§ **DATA FOR THIS EXERCISE**:
+++

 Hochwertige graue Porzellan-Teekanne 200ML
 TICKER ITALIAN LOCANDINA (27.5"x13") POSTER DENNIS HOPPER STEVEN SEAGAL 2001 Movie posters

+++

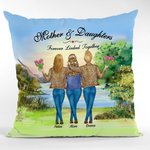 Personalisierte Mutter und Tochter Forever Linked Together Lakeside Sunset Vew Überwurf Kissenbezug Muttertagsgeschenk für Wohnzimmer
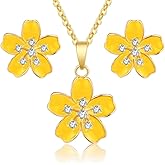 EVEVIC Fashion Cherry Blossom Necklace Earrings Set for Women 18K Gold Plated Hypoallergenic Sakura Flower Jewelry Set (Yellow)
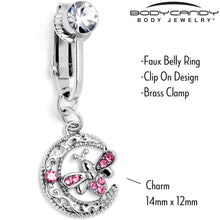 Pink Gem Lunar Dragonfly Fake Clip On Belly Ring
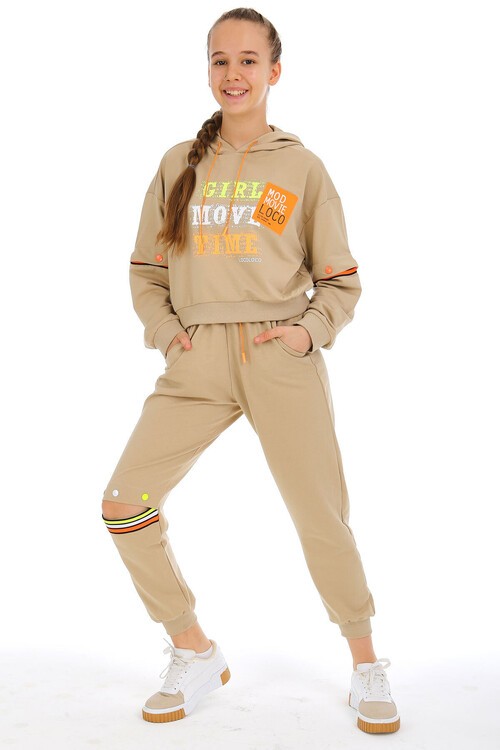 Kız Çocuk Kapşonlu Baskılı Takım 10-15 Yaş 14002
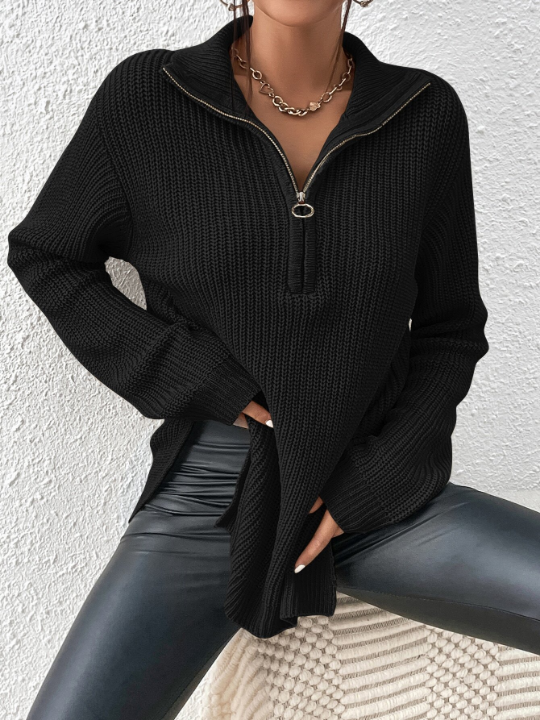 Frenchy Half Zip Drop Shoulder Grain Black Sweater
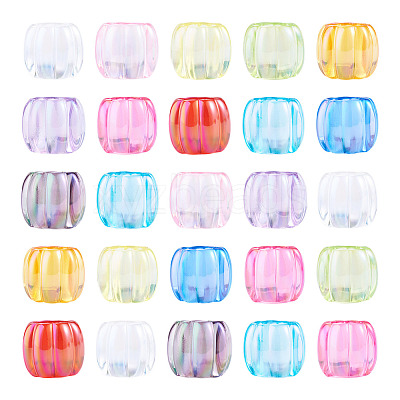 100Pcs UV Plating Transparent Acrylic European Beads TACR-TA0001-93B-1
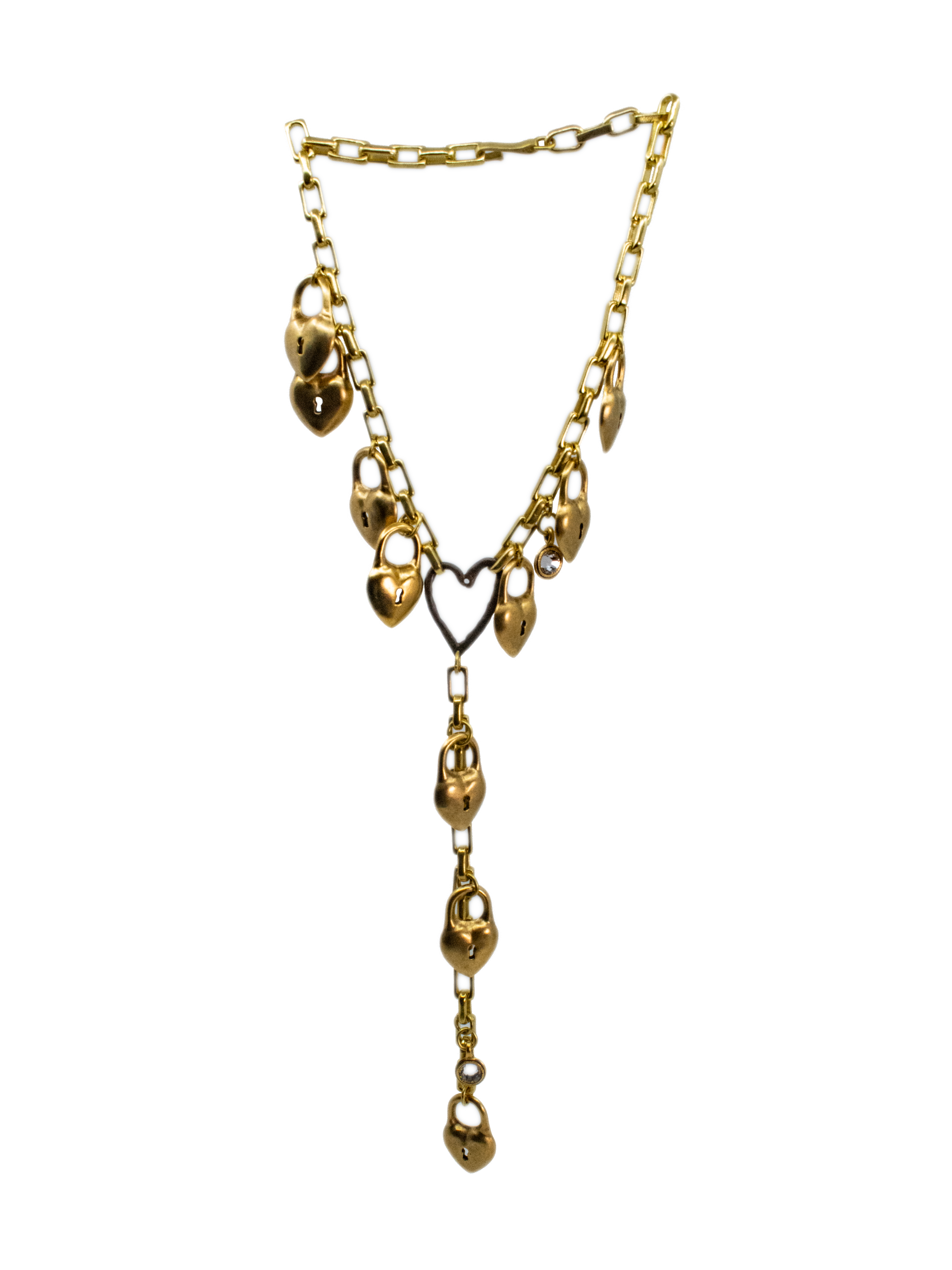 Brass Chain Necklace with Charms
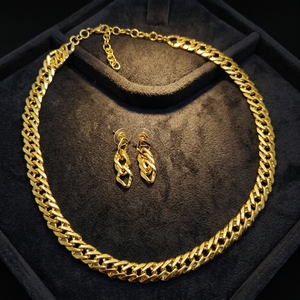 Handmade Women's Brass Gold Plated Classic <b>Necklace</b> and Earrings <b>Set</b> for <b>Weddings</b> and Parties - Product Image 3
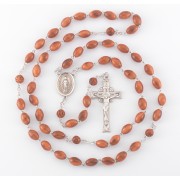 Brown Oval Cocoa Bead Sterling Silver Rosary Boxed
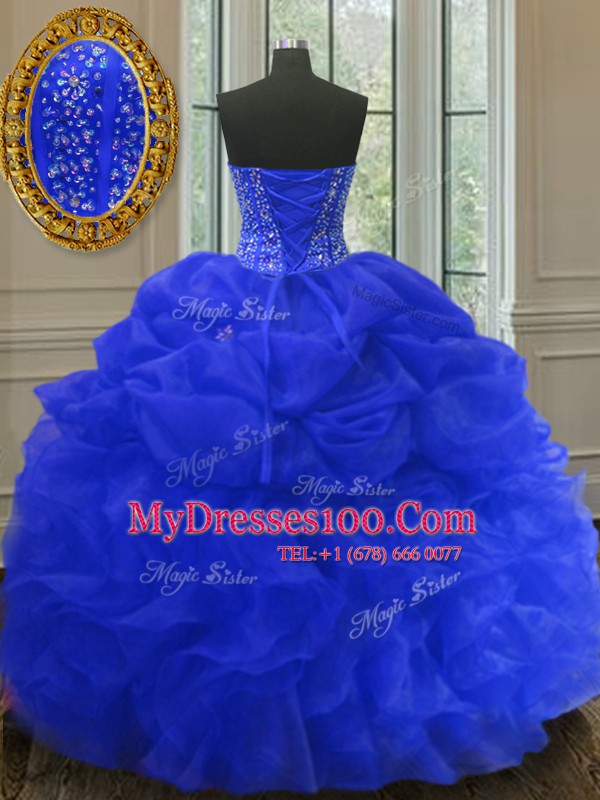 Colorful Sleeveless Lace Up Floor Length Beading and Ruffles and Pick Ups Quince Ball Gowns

+++

Transcribe the records above from the line holding "Hochwertige graue Porzellan-Teekanne 200ML" down to the line holding "TICKER ITALIAN LOCANDINA", inclusive, without adding anything.

 Hochwertige graue Porzellan-Teekanne 200ML
 TICKER ITALIAN LOCANDINA (27.5"x13") POSTER DENNIS HOPPER STEVEN SEAGAL 2001 Movie posters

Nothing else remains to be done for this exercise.